Saturday, September 30, 2006
"Mr. Phillips, I presume?" (Part 2 of 2).
It turned out that our erstwhile compatriot was waiting to take the overnight train to Brugge. He’d richly enjoyed his extra time in Vienna, and noted that 1516 was just a couple of blocks further down the street … and not only that, he’d had multiple pints of Hop Devil during his last session there, which had concluded only a short time before our unplanned meeting at the kangaroo bar.
Victory Hop Devil? The American IPA from Downingtown, Pennsylvania?
I thought the heat (or the alcohol) had gotten to Graham, but with mock indignation he offered to guide us there and prove it.
Sure enough, after settling the bar tab with the gracious Crossfields hostess, we strolled to 1516 and there it was: Hop Devil, originally brewed at 1516 in February, 2004, by Victory’s Bill Covaleski as part of the brewpub’s guest brewer program (a visit apparently arranged by Austrian beer guru Conrad Seidl), and back on tap just for us, so as to provide a desperately needed American hop jolt after so many days of characteristic, balanced golden lagers.

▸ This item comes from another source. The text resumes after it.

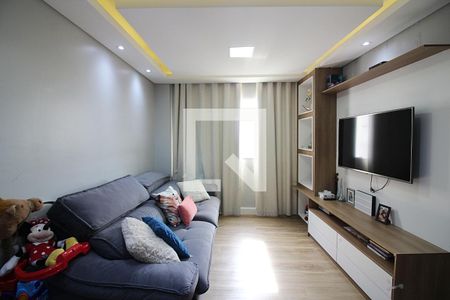 Sala de apartamento para alugar com 2 quartos, 82m² em Vila Jahu, São Bernardo do Campo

The beer menu observed that Hop Devil marked the “first time (that) whole hops was used in 1516 Brewing Co.,” and that Hop Devil was a “winner in Conrad Seidl's 2004 Bierguide.” That’s a good pedigree … as if Hop Devil needs any help. For the record, it is made with Vienna and Caramunich malt, and Centennial, Tettnanger and Cascade hops.
I celebrated by drinking three. Graham departed for the train station after a pint, and if the single biggest surprise of the trip -- and perhaps of any trip I’ve ever taken -- was coming across him at the one place of hundreds that I decided to glance into, second place handily goes to the surreal joy of drinking Victory Hop Devil at a Viennese brewpub.
There was a Mexican-style burrito on the 1516 food menu, and after so many days of pork prepared in a myriad of ways utterly baffling to the uninitiated, it proved a fine appetizer (but not up to the standard of La Rosita’s, by any stretch), happily providing the strength necessary to walk another quarter-mile to the Salm Brau brewpub.
Salm Brau’s location adjacent to the Lower Belvedere palace grounds and gardens predictably makes it a popular tourist stop, but happily, it seemed to be filled with quaffing and chatting locals during our two-beer visit.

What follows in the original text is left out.